C’est ce même enjeu qui se pose à Belém, où se tient actuellement la COP30. Les rapports scientifiques sont unanimes : si nous ne réduisons pas drastiquement nos émissions de gaz à effet de serre, les conséquences seront irréversibles. Face à l’insuffisance des engagements pris lors des COP précédentes, la COP30 doit être un tournant. La transition écologique n’est pas une contrainte, mais une opportunité qui peut être saisie : celle de moderniser l’économie, de transformer des emplois, de renforcer l’indépendance énergétique. En tant qu’élu d’un département à la fois urbain et rural, je sais que cette transition doit être juste et accompagnée. Elle ne peut se faire au détriment de nos agriculteurs, de nos artisans, des ruraux. Mais elle est indispensable. La France, avec son mix énergétique décarboné et son expertise agricole, a les atouts pour être leader en Europe. À l’échelle mondiale, seule pertinente sur ce sujet, force est de constater que les décisions politiques peinent à suivre le rythme de l’urgence. L’enjeu est, là encore, l’avenir des jeunes générations et de la planète que nous leur laisserons en partage.

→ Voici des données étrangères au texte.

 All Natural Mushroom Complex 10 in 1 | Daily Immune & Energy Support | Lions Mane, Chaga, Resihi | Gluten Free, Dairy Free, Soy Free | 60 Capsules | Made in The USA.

Ces trois actualités – la commémoration du 13-Novembre, la réforme des retraites, la COP30 – dessinent un même défi : celui de concilier mémoire, responsabilité et projet. Se souvenir, c’est honorer ceux qui nous ont précédés et tirer les leçons du passé. Assumer nos responsabilités, c’est prendre des décisions courageuses, même impopulaires, pour préserver l’équilibre de notre société. Construire l’avenir, c’est investir dans l’éducation, l’innovation et la transition écologique, pour que chaque génération s’épanouisse et prépare à son tour l’avenir.
En ces temps de divisions et de court-termisme, soyons réalistes. Défendons un projet de société qui ne sacrifie ni notre mémoire ni notre avenir. C’est le sens que doit avoir l’action publique en ce début du XXIe siècle. La France mérite mieux que des renoncements : elle mérite une vision, une ambition, du courage. Pour les victimes de toutes les formes de violence, pour les actifs qui s’inquiètent de leur retraite et les jeunes qui manifestent pour leur planète, pour tous ceux qui espèrent en l’avenir de la France, soyons responsables et agissons.
Hugues Saury
Olivet, le 15 novembre 2025
* Chiffres consolidés de 2023. Sources : Insee, Drees, Eurostat.